The European corn borer (Ostrinia nubilalis) is economically the main pest in the European corn growing. Without direct control it can cause serious crop losses of more than 30 dt/ha. The economic threshold with grain corn is at 25-30 % infested plants, with silage corn at 35-45 %.

Geographic range:

Introduced to Germany at the beginning of the 19th century, in the meantime it occurs in all growing areas. Until about 15 years ago it only caused damage in the former core areas. This infested areas primarily comprise the Rhine Graben, the Lake Constance area, Southern Hesse, parts of the Palatinate and the greater Stuttgart area. Today, the corn borer can be found in the entire Southern German region, also in altitudes of up to 700 m. And it is continuing to spread. To the north, it has reached via the Cologne Basin the growing areas of Lower Saxony. In the east it causes serious damage in Thuringia, Saxony-Anhalt, Saxony and parts of Brandenburg. Already in 2006, the first moths were caught at the North Sea.


Also in the neighboring countries Poland, Czech Republic, Slovakia, Hungary and Austria in part significant damage is registered. In Switzerland, Italy and France it regionally even occurs in two generations.

The European corn borer is polyphagous, i.e., besides corn, it develops in many other crops like pepper, tomato, hop, beans, stinging nettle, Amaranth-species etc. Its enormous adaptability to different crops and climatic conditions is the reason for the continuous spreading even into rather inhospitable regions.

The pest:


The larvae hibernate in the corn stubbles. Depending on the weather, pupation starts from mid/end May and from the beginning of June the first moths fly. The moth flight begins with the flight of the males, the females follow in a span of 3-5 days. The nocturnal moths hide during the day in the corn, but often also in adjacent crops. At the beginning of dusk they become active and the females lay the eggs in imbricated clusters of up to 40 eggs on the undersides of the leaves of the corn plants.

During the approximate lifetime of 10 days, a female lays up to 1000 eggs. It prefers high and lush corn crops for oviposition. The hatching larvae first eat the blossoms and uppermost leaves of the plants, then they descend and finally bore themselves into the corn plant. Before boring, the larvae also spread by the wind, by letting themselves be carried further on hanging from a gossamer. Like that, they can cover distances of up to 4 m. From the 3rd larval stage, the boring into the stalk and cob takes place.

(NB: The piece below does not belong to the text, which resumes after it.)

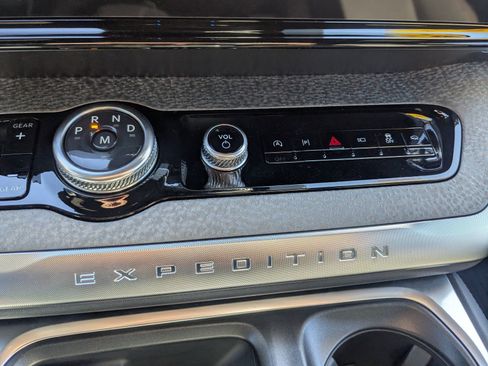 New 2025 Ford Expedition Tremor image 23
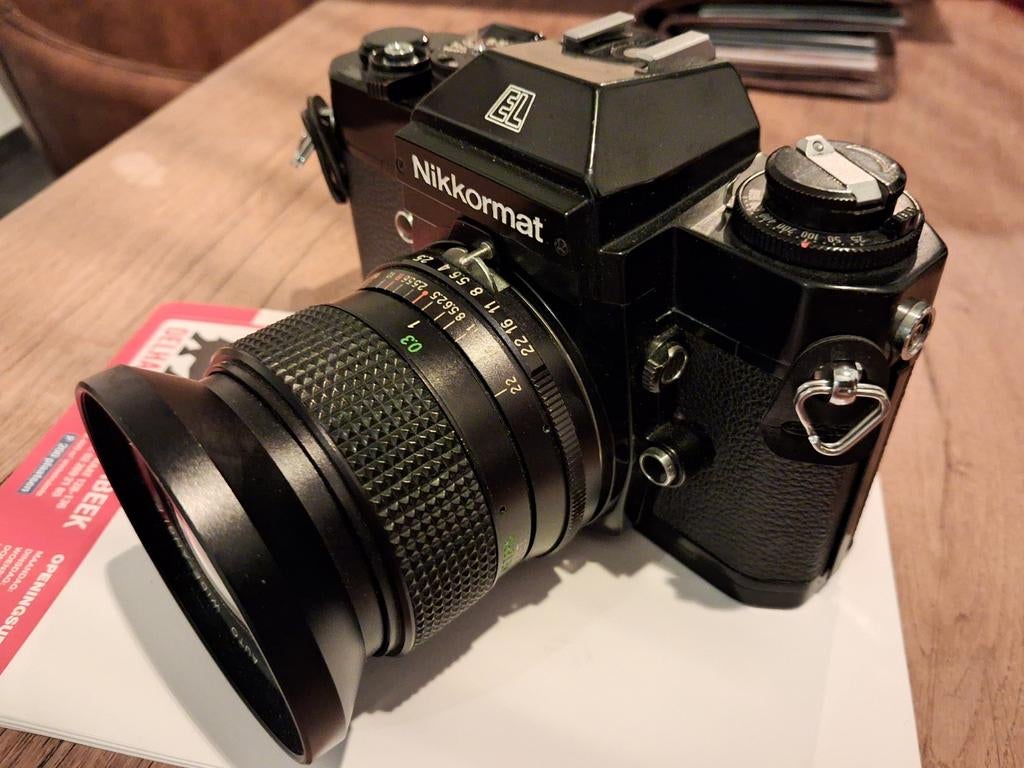 Nikkormat El black met 28 mm, Audio, Tv en Foto, Fotocamera's Analoog, Ophalen of Verzenden, Zo goed als nieuw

The larva of the European corn borer cannot chew through the hard plant nodes, therefore it leaves the stalk and bores itself again into it or changes the plant. At the end of the vegetation period, the larva has arrived at the stalk base where it hibernates. The larva hibernates in diapause, a genetically determined dormancy that is initiated by temperature and light. Of course, the amount of hibernating larvae is reduced by fungal infection or feeding by birds.

The bivoltine European corn borer strain

In Germany mainly an (univoltine) generation of the European corn borer flies, but since 2003 regionally a second generation that has established in Southern Baden can be observed. In southern Europe regularly 2-3 generations occur. In 2015, a strong flight of the bivoltine European corn borer strain was observed again, partially also pupae of a 3rd generation have been found. Also on the reference site in northern Baden we found a pupa that might suggest the beginning occurrence of the bivoltine strain.

Besides the additional threat to corn growing by the corn rootworm, another larva that can regionally damage the corn significantly occurs relatively unnoticed: the cotton bollworm Helicoverpa armigera. A pest that is immigrating from the Mediterranean area, that like the European corn borer infests a large range of different plants and damages them substantially by feeding. Helicoverpa too has regionally become a problem in 2015, the big larvae caused damage in vegetables and tomatoes, also in sweet corn larvae could be observed.




The appearance of the European corn borer is determined by the color of the wings. The moths have a total length of 20-30 mm. The colors and markings of the moths may differ.

Female moth:


With a size of 25-30 mm they are longer than the males. The forewings are light to ocher yellow with three wavy bands. The grey-brown hindwings are marked by two dark crossbands with a light border. A clear differentiator is the thick abdomen of the females.

Male moth:

The forewings of the male are cinnamon with yellow wavy crossbands running over the wings. The bright spot in the center is typical. The hindwings are grey-brown with a light border.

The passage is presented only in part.